[WHAT YOU SHOULD DO] If pictures appear in the lines below, skip them and copy exactly the lines from the one containing "Na zbliżeniu widać, iż" through the one containing "Cam aynalı ofis", and nothing else.

[DATA UNDER STUDY]

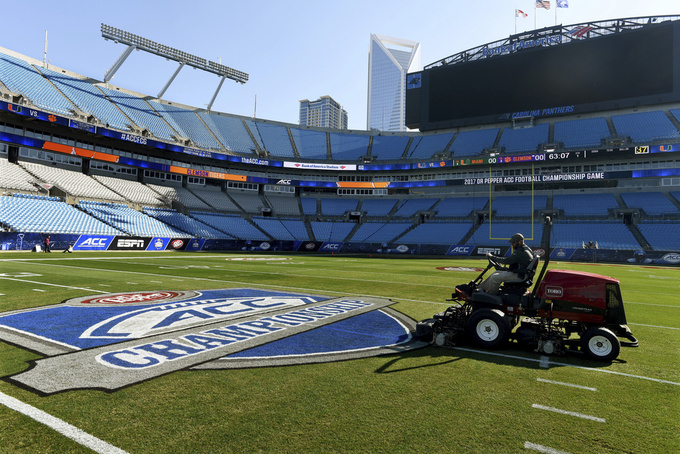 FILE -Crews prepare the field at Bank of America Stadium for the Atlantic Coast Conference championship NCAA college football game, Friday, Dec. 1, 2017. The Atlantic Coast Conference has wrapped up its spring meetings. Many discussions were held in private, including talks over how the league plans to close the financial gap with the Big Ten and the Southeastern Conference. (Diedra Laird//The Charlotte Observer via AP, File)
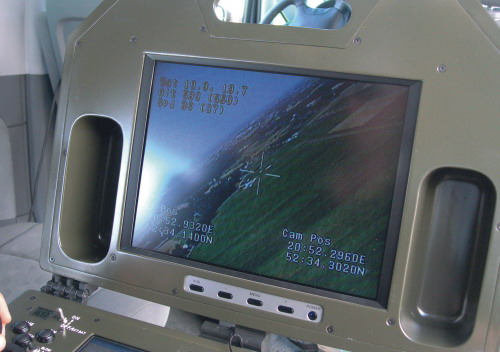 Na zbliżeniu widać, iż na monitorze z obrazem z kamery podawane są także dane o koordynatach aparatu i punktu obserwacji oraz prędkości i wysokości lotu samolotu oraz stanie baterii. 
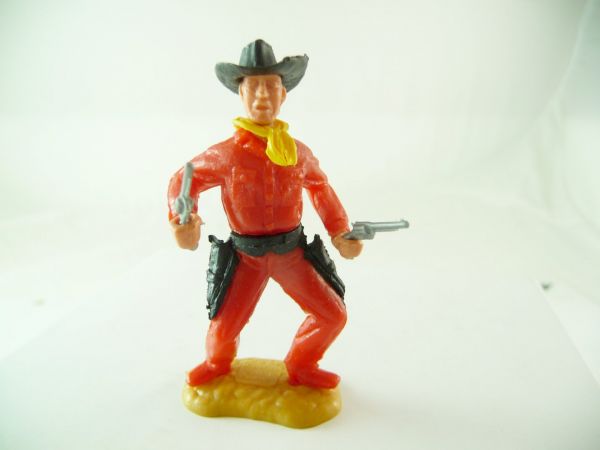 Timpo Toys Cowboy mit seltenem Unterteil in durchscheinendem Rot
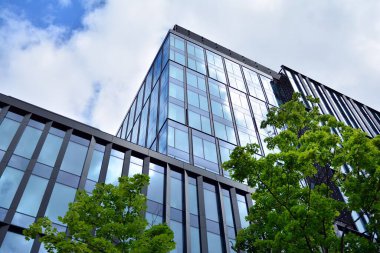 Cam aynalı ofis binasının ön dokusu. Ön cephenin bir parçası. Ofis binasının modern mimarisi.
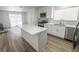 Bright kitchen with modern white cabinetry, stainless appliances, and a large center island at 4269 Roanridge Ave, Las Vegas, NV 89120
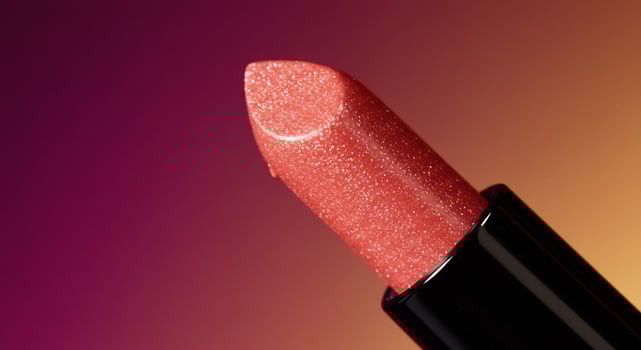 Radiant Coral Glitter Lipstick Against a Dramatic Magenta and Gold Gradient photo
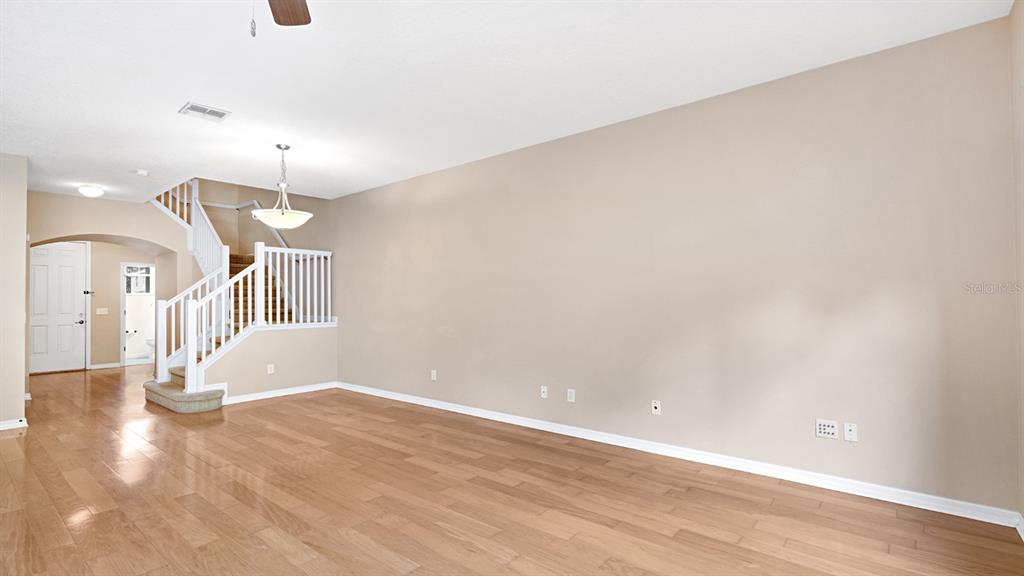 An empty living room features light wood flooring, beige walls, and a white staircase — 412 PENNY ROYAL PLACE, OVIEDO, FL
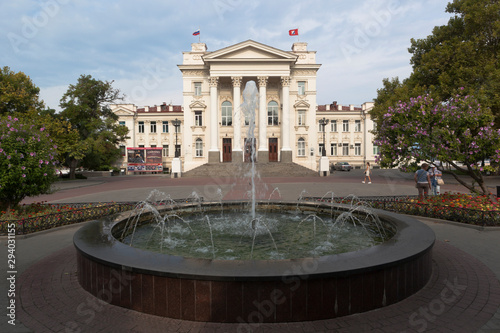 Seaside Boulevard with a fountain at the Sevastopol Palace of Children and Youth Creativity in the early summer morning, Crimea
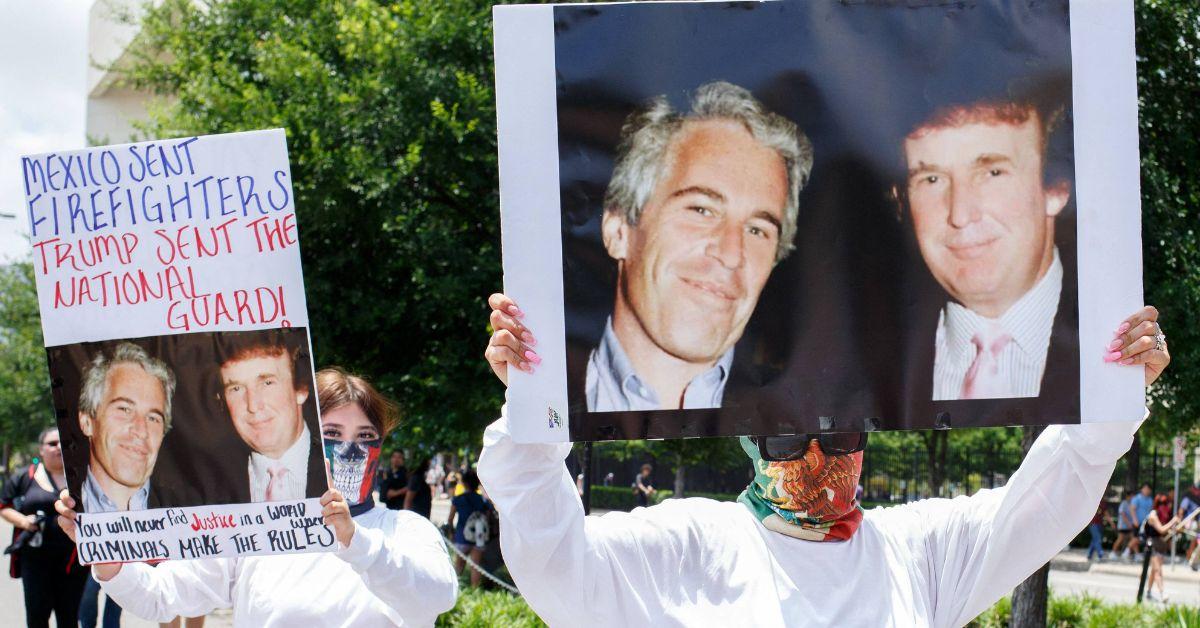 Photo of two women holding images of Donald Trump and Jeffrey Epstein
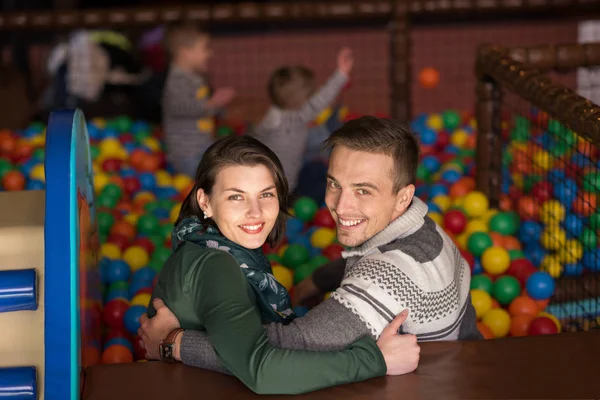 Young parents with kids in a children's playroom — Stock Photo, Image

* * *

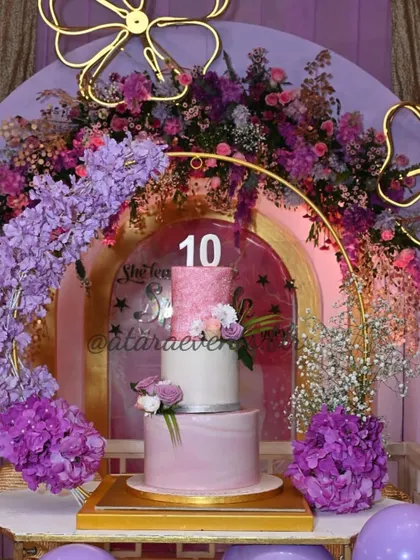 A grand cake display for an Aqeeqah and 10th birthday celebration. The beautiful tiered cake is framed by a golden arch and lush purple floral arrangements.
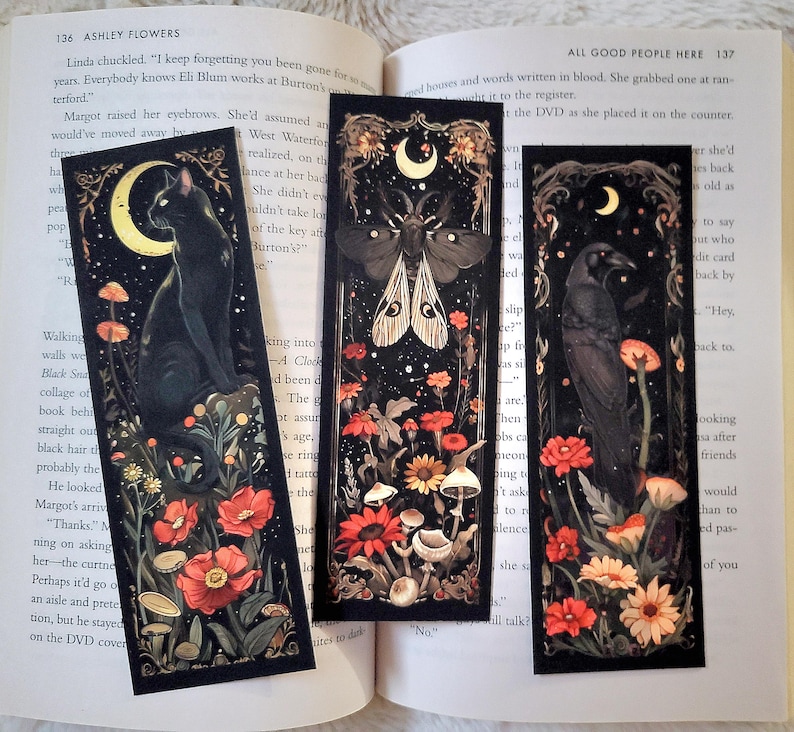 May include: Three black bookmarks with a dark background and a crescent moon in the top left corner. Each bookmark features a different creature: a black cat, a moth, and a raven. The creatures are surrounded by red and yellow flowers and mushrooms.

[ANSWER BOX]
 Na zbliżeniu widać, iż na monitorze z obrazem z kamery podawane są także dane o koordynatach aparatu i punktu obserwacji oraz prędkości i wysokości lotu samolotu oraz stanie baterii. 
 Timpo Toys Cowboy mit seltenem Unterteil in durchscheinendem Rot
 Cam aynalı ofis binasının ön dokusu. Ön cephenin bir parçası. Ofis binasının modern mimarisi.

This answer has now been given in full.